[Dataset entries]
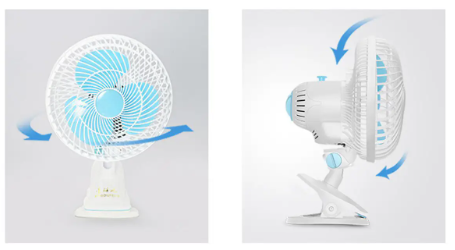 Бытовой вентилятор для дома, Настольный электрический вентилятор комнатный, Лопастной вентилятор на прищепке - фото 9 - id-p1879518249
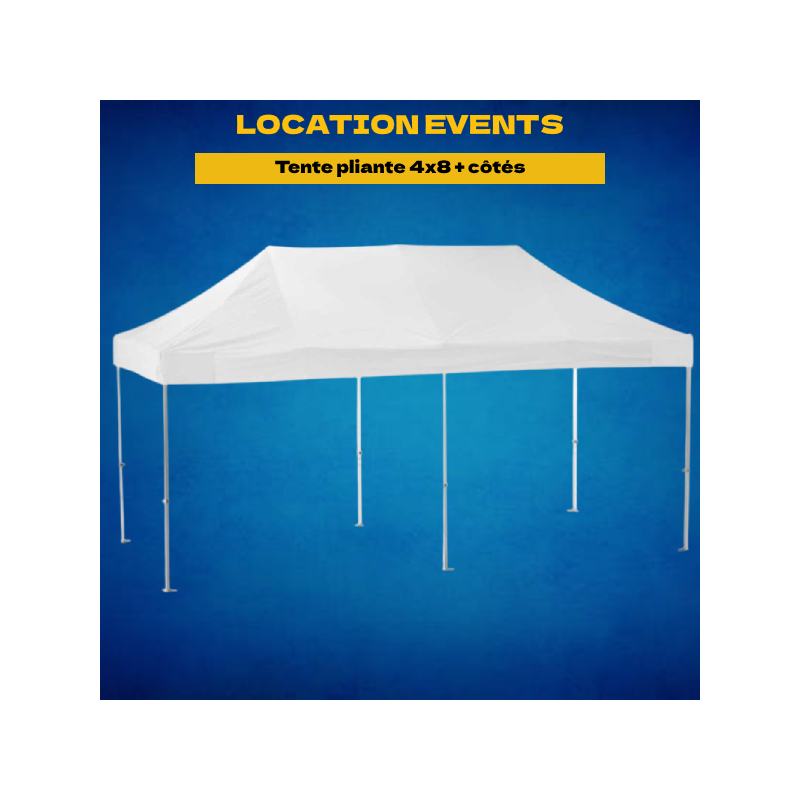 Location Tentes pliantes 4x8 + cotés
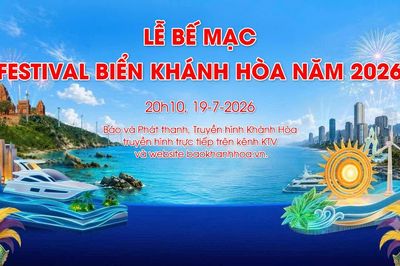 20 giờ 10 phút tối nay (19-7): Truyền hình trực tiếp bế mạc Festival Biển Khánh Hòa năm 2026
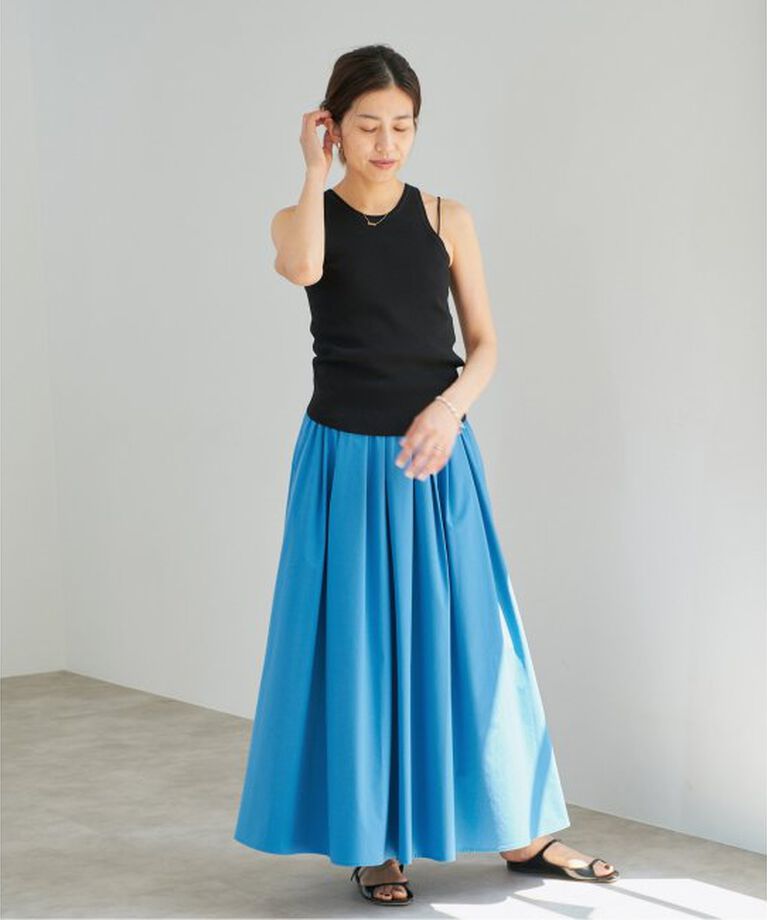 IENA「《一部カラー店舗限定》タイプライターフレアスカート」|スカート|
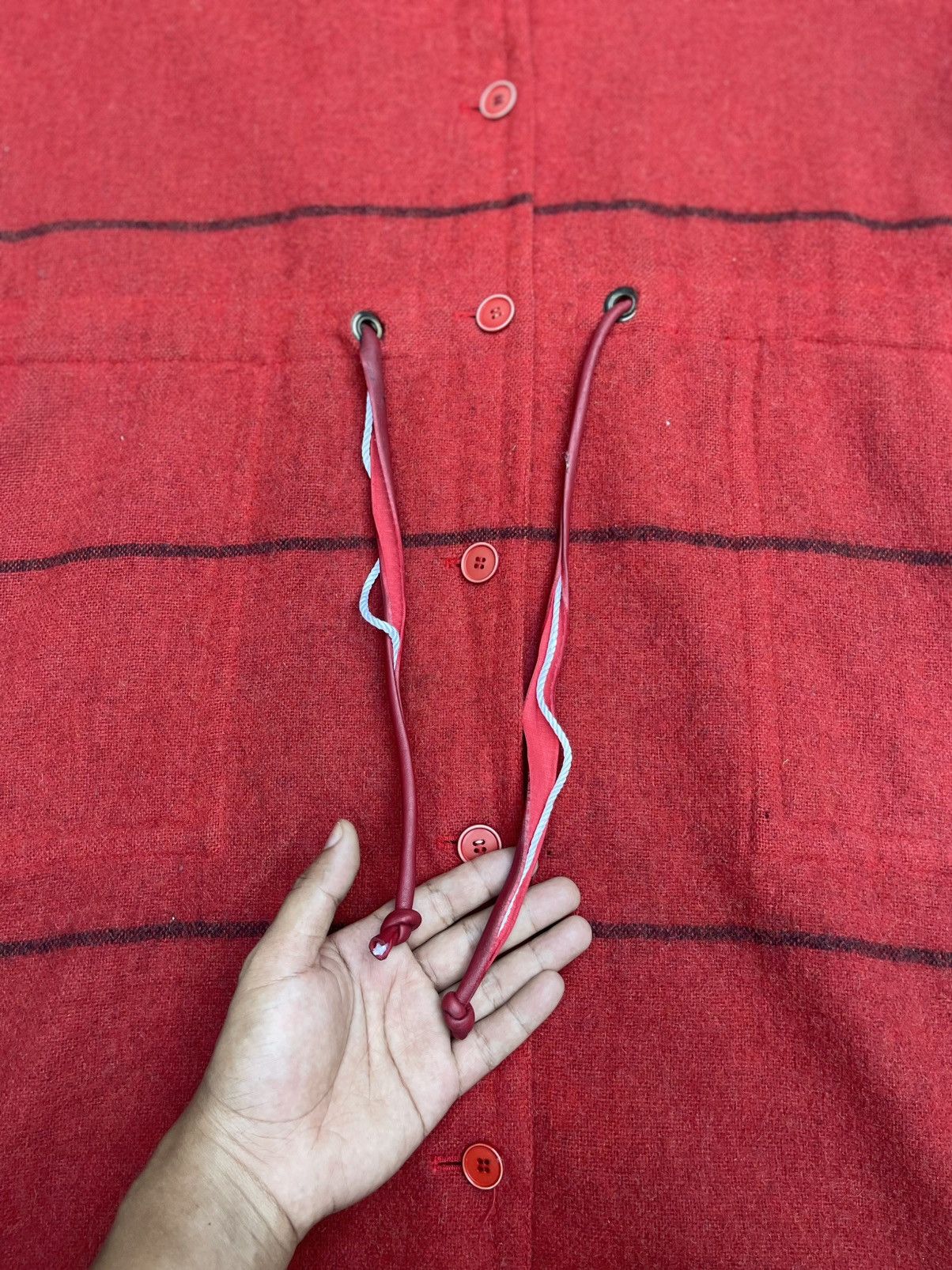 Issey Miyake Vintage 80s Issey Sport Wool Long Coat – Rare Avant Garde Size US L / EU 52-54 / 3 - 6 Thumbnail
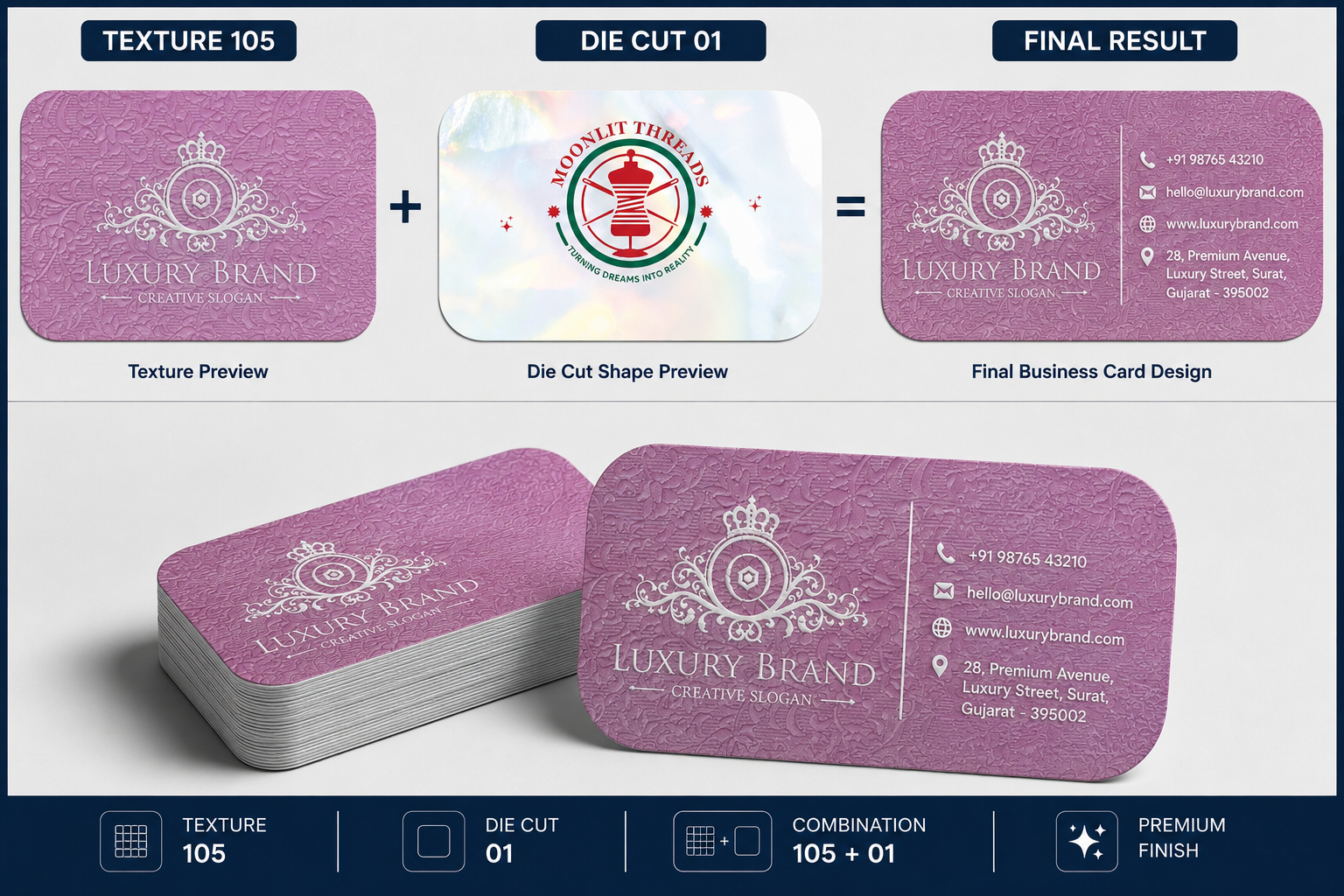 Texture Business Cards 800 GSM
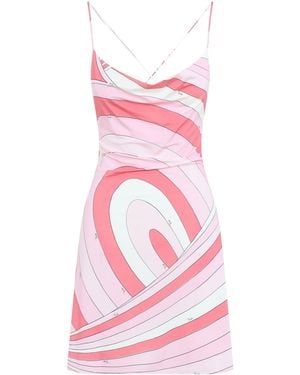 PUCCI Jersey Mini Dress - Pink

__Your objective__:
Only an exact copy of the lines from the one with "Texture Business Cards 800 GSM" through the last line of the data above is wanted, and no pictures.

__Response__:
 Texture Business Cards 800 GSM
 PUCCI Jersey Mini Dress - Pink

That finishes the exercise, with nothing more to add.